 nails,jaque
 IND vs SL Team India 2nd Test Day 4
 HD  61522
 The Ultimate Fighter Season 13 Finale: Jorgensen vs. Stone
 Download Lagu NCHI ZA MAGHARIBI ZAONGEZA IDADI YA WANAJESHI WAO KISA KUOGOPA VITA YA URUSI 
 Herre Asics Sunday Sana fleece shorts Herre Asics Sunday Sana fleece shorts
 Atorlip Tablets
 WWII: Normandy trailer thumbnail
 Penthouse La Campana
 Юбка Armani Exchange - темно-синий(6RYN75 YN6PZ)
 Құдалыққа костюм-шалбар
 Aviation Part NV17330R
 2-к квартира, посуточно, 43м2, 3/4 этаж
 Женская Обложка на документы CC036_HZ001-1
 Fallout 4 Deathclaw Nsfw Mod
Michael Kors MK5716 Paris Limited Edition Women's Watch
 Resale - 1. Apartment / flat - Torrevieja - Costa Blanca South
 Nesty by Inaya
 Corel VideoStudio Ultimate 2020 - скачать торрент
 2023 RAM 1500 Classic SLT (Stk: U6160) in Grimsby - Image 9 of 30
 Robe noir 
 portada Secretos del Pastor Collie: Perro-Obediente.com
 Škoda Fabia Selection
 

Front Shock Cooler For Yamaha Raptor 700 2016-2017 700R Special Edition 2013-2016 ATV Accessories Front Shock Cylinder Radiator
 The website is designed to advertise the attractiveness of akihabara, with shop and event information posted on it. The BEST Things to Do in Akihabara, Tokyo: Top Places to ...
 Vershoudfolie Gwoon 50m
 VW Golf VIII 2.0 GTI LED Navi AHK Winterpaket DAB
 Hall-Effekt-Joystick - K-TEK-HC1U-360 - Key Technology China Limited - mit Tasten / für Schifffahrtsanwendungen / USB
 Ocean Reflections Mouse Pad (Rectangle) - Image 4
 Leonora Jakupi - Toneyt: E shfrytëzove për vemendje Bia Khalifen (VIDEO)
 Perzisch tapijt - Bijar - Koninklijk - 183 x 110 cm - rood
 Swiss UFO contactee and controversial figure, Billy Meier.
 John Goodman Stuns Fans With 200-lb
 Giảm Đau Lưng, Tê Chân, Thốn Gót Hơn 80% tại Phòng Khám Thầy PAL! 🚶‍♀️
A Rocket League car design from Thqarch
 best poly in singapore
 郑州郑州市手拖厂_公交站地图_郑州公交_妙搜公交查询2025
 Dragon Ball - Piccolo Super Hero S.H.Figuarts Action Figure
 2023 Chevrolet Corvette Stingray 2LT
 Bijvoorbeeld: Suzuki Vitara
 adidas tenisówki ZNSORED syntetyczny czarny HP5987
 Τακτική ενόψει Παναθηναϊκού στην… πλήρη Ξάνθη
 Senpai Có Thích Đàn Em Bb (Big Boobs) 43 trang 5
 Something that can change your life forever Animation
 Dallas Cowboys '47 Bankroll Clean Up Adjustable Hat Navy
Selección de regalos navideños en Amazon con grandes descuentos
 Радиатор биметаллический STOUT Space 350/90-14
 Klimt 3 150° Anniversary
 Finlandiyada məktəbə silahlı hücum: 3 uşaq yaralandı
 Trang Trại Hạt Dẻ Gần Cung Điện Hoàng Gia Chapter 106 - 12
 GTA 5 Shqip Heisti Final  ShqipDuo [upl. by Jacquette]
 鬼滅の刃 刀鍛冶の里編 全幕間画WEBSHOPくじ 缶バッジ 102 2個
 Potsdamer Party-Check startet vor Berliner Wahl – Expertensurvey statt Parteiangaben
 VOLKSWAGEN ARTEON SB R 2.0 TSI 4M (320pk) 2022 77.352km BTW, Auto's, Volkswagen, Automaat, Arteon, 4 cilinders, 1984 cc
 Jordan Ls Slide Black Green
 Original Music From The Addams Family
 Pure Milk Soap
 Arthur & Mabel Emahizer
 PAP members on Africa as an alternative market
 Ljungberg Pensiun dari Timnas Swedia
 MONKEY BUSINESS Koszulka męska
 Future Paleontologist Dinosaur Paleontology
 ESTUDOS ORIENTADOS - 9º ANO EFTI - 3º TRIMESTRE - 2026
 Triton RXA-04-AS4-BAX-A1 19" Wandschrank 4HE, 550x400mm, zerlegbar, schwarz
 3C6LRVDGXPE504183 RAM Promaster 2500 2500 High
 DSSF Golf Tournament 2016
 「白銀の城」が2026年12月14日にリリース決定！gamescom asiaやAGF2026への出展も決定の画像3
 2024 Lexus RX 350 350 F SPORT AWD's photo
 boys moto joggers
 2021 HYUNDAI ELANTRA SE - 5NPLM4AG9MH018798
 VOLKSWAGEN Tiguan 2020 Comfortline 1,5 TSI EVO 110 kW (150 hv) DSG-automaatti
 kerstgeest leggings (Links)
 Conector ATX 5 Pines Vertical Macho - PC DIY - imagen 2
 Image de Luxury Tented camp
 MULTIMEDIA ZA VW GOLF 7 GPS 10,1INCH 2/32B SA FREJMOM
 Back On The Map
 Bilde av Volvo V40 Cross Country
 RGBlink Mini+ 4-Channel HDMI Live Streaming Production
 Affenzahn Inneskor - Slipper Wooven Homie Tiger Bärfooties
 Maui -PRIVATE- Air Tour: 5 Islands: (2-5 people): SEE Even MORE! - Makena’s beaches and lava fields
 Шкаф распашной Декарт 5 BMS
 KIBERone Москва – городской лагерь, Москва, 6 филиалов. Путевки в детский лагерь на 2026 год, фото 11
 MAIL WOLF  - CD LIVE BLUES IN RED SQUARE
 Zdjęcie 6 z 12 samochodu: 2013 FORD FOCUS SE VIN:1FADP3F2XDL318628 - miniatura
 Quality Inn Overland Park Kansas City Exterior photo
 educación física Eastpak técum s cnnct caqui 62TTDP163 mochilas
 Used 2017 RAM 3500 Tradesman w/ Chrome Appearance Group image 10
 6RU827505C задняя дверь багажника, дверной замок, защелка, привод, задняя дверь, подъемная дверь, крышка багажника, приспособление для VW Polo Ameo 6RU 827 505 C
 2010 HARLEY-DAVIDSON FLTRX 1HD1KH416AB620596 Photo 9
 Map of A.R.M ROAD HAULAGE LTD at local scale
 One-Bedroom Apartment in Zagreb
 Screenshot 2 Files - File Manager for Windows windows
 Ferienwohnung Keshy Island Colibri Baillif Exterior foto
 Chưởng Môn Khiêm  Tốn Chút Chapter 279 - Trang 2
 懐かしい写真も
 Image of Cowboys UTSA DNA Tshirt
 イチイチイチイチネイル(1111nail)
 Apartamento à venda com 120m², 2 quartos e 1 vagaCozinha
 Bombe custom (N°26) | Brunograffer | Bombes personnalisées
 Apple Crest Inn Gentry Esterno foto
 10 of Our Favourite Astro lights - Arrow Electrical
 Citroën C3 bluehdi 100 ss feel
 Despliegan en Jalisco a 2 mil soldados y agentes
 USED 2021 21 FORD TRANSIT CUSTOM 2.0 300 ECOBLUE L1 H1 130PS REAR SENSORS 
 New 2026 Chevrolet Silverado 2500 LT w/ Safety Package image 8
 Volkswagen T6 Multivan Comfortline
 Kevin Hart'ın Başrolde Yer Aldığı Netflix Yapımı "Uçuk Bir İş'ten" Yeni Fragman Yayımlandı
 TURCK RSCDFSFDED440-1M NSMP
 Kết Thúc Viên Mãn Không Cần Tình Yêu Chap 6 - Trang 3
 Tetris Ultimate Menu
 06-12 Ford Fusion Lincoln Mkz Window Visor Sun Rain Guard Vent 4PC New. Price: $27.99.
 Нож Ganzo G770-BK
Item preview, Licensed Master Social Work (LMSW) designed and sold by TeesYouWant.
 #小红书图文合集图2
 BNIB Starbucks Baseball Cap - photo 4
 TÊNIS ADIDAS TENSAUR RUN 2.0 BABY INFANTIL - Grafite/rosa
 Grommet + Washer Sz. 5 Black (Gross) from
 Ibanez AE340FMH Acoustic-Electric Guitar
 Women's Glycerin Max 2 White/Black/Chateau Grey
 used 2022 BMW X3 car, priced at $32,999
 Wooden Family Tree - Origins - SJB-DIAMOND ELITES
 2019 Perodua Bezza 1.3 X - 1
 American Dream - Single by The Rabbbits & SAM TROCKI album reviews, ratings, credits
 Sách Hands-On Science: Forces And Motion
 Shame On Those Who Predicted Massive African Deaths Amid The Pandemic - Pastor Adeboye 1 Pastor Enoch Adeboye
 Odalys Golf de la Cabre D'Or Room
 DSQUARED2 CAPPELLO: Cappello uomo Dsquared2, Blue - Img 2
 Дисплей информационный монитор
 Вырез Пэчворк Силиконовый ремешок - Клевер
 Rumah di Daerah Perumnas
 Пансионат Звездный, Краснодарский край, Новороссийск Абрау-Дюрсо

☆ ☆ ☆ ☆ ☆ ☆ ☆

= PROBLEM DETAILS =
The expected output is a verbatim retyping of each line from the one with "Grommet + Washer Sz. 5 Black (Gross) from" to the end of the listing above, with both end lines kept and nothing added.

= SOLUTION TO THIS PROBLEM =
 Grommet + Washer Sz. 5 Black (Gross) from
 Ibanez AE340FMH Acoustic-Electric Guitar
 Women's Glycerin Max 2 White/Black/Chateau Grey
 used 2022 BMW X3 car, priced at $32,999
 Wooden Family Tree - Origins - SJB-DIAMOND ELITES
 2019 Perodua Bezza 1.3 X - 1
 American Dream - Single by The Rabbbits & SAM TROCKI album reviews, ratings, credits
 Sách Hands-On Science: Forces And Motion
 Shame On Those Who Predicted Massive African Deaths Amid The Pandemic - Pastor Adeboye 1 Pastor Enoch Adeboye
 Odalys Golf de la Cabre D'Or Room
 DSQUARED2 CAPPELLO: Cappello uomo Dsquared2, Blue - Img 2
 Дисплей информационный монитор
 Вырез Пэчворк Силиконовый ремешок - Клевер
 Rumah di Daerah Perumnas
 Пансионат Звездный, Краснодарский край, Новороссийск Абрау-Дюрсо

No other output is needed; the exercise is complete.